The Republican-Tea Party alliance operates a weapon of mass deflection, protecting capitalism from criticism. Sadly, the Democrats neither expose nor attack the Republican project, says Wolff.
Many Germans in the years before 1933 dismissed the little man with the mustache: He could never take power, let alone keep it. Tzarist Russia’s elites thought the small social democratic party posed little threat. Batista’s minions ridiculed the lawyer and his friends when they first dashed into Cuba’s mountains. Greece’s established Socialist Party feared nothing from the tiny Syriza Party forming to its left. Such speedy dismissals of these groups underappreciated their social roles and especially the conditions that supported them.
What might these examples suggest about the Republican Party and Tea Party activists? The latter sometimes seem to have peaked and begun to fade and splinter. Yet other times they seem revived, as in Republican opposition to Obamacare and threats to shut the government down. What conditions support them?
Analysis of Republicans’ actions begins with the economic crash of 2007-2008 and the depressed economy that persists. It is undermining the finances and living standards of middle- and lower-income people. They cannot carry much more debt nor raise their real wages. Rising prices mean the cost of the American Dream slips ever further beyond their reach.
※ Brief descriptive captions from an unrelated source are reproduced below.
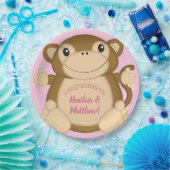 Monkey Baby shower Roze Papieren Bordje (Feest)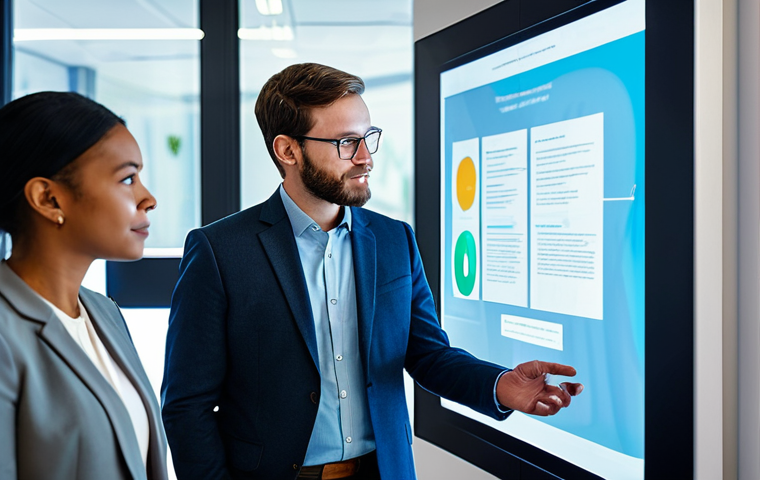 A diverse group of professionals, fully clothed in modest business attire, are engaged in a collaborative discussion around an interactive, translucent holographic display in a modern, brightly lit innovation hub. The scene emphasizes human connection and thoughtful problem-solving, with elements suggesting user feedback and emotional understanding integrated into the technology's interface. The overall atmosphere is warm, empowering, and focused on deep meaning beyond mere efficiency. Professional photography, high-resolution, sharp focus, vibrant colors, perfect anatomy, correct proportions, natural pose, well-formed hands, proper finger count, natural body proportions, safe for work, appropriate content, fully clothed, professional, family-friendly.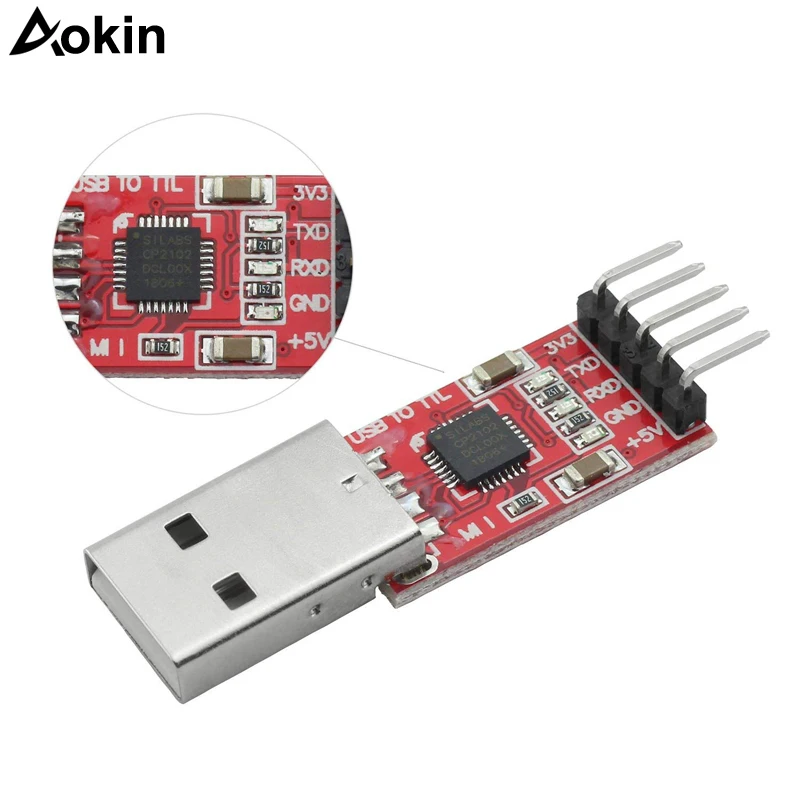 CP2102 Module USB naar TTL USB 2.0 Seriële Module UART STC Downloader met 5 Pin Dupont Kabel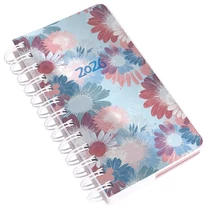 Határidőnapló REALSYSTEM SP5 spirál A/6 napi fehér lapos virágok 2026.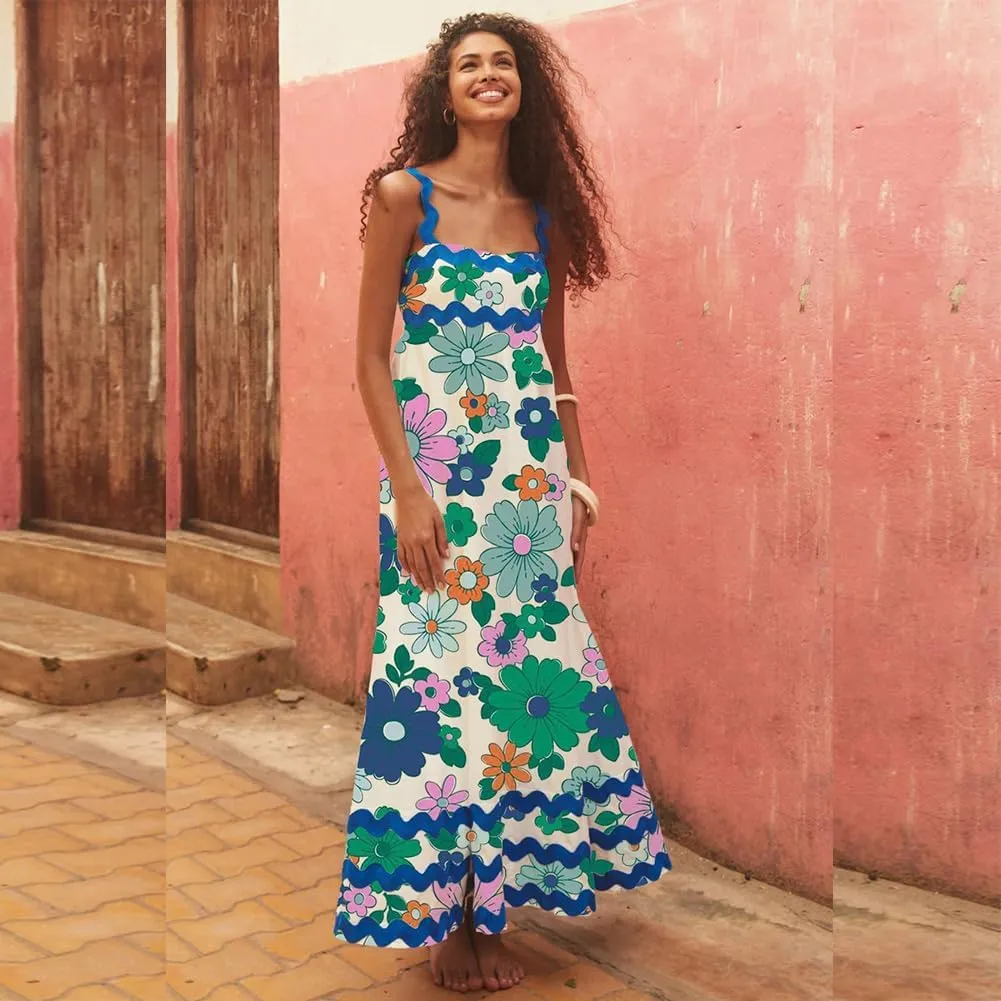 Summer Dresses for Women 2024 Rickrack Trim Spaghetti Straps Smocked Boho Flowy Loose A-Line Maxi Dress
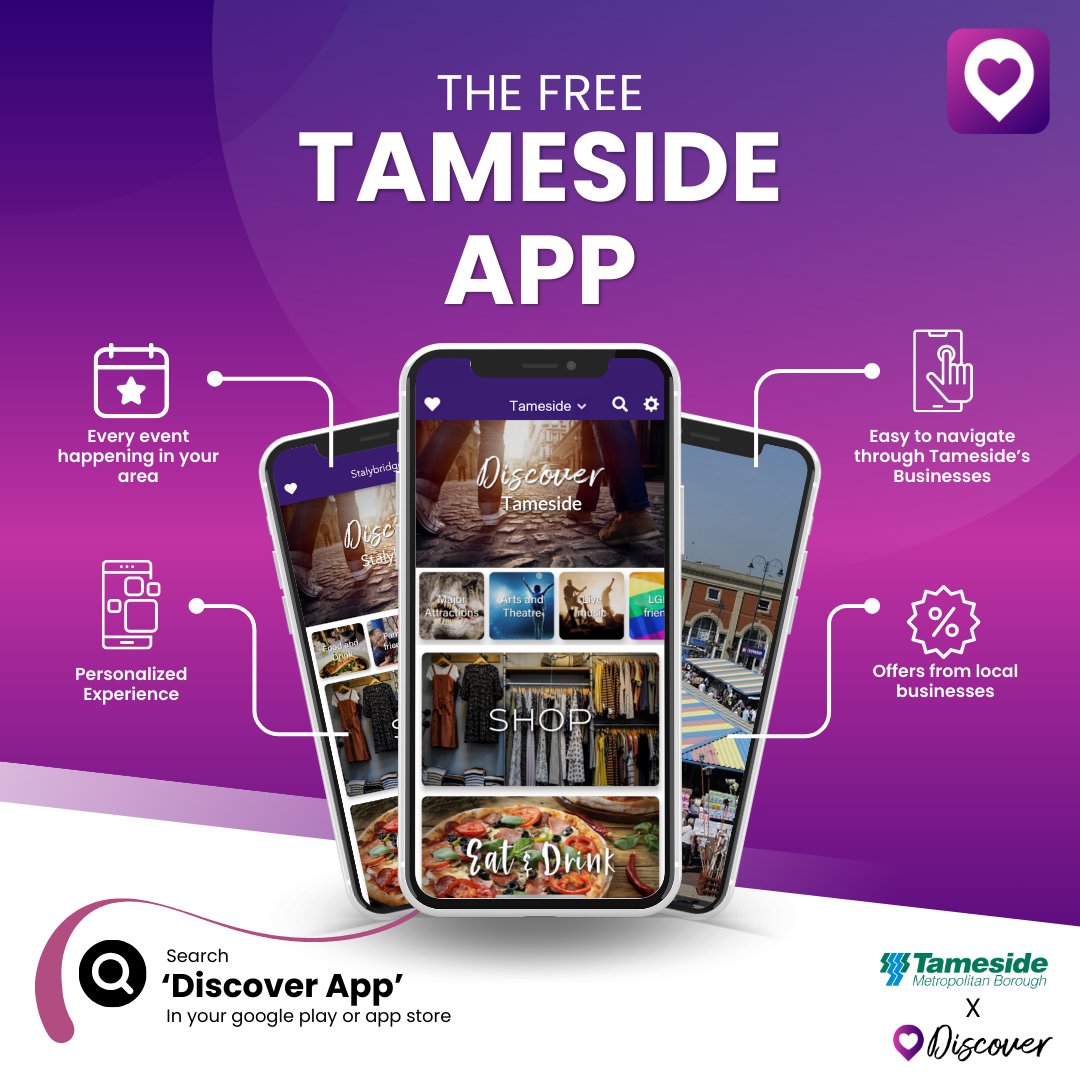 Looking for a new place to eat out in Tameside with family or friends this month? 🍲

The <a href="/TheDiscoverApp_/">@TheDiscoverApp</a> makes it easy:
✅Download the app for free at discoverapp.co.uk, 
✅Click the Eat &amp; Drink tile to find your favourite type of food

#EatingOut #DiscoverTameside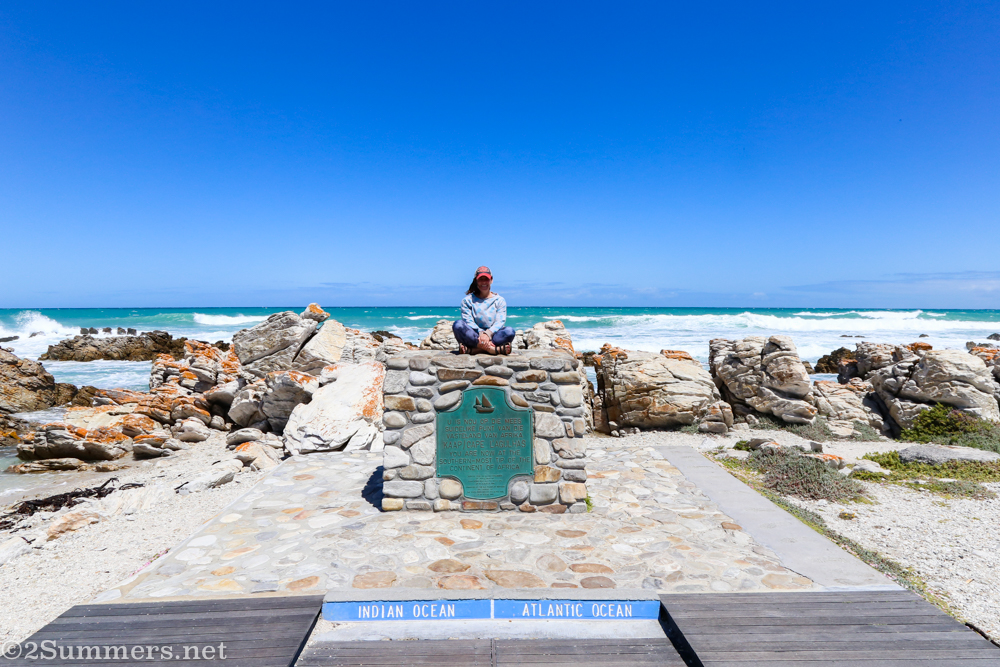 Heather at the southernmost point in Africa at Cape Agulhas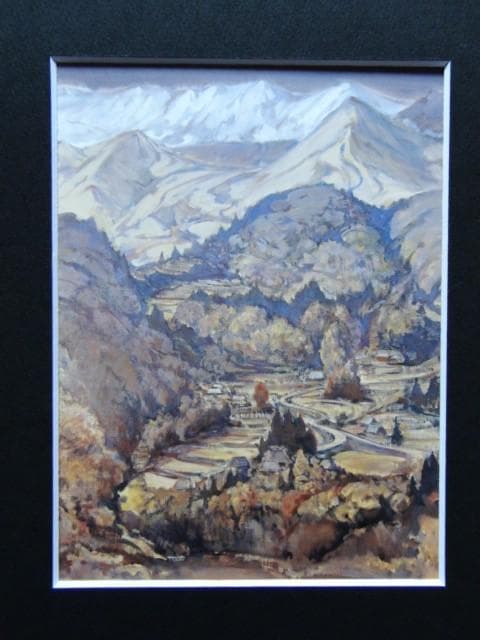 榮永大治良、晩秋の白馬山麓、希少な画集より、新品高級額・額装付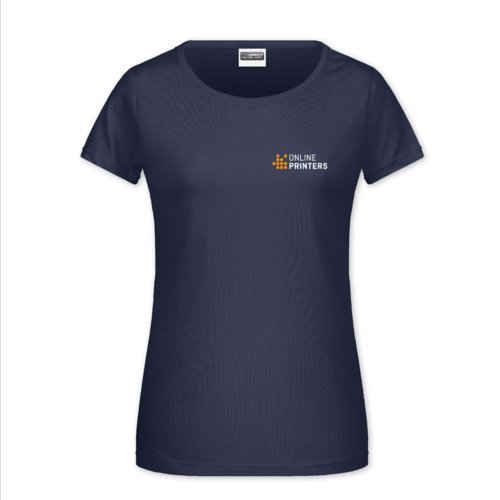 T-shirt bleu marine en coton pour femmes avec manches courtes.
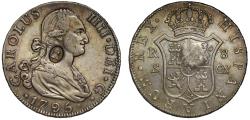 World Coins - George III oval countermark on Spain 1795 8-Reales Seville mint, NGC AU53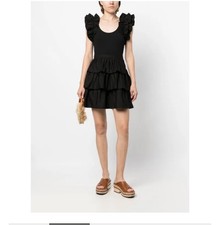 Ulla Johnson Women's Black Ruffle-Trim T-Shirt Dress Sz 2 NWOT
Promises of rising living standards for workers and students preparing for work are mostly being broken. Long and deeply held hopes that hard times will pass are increasingly questioned or abandoned.
In such conditions, major big business interests and the corporate rich are determined to prevent replays of left-wing criticisms and what those achieved in the 1930s Great Depression. Then, Communist and Socialist Parties, in coalition with the CIO union drives, had worked a New Deal with Roosevelt’s government. Taxes were raised on corporations and the rich to pay for creating the Social Security and unemployment compensation systems and for a huge federal jobs program (not to mention allying with Stalin’s USSR in World War II). Having worked for decades to roll back that New Deal, the right now fears and sets itself totally against anything like that happening again.
Fear, instinct and habit drove the right, after the 2007-2008 crash and bailouts, to build intense opposition to virtually everything the government did or might do. The government was vilified as the cause of the crisis and its effects. The crisis was the government’s excuse to add taxes to peoples’ already unsupportable burdens. The government would waste revenues on unwanted social interventions: depriving citizens of rights to buy and own guns, imposing health-insurance mandates and “death panels” while increasing that “47 percent” of the population who abuse entitlements to food stamps and other supports at the expense of taxpaying workers.
Republicans effectively silenced any talk about, let alone action for, a federal jobs program. They kept debates over Social Security and food stamps focused on the size of cuts to them, and so on. Republicans mostly welcomed the traditional far right groups, newly invigorated as the Tea Party. These would help promote and strengthen the alliance against government intervention no matter how bad economic conditions became.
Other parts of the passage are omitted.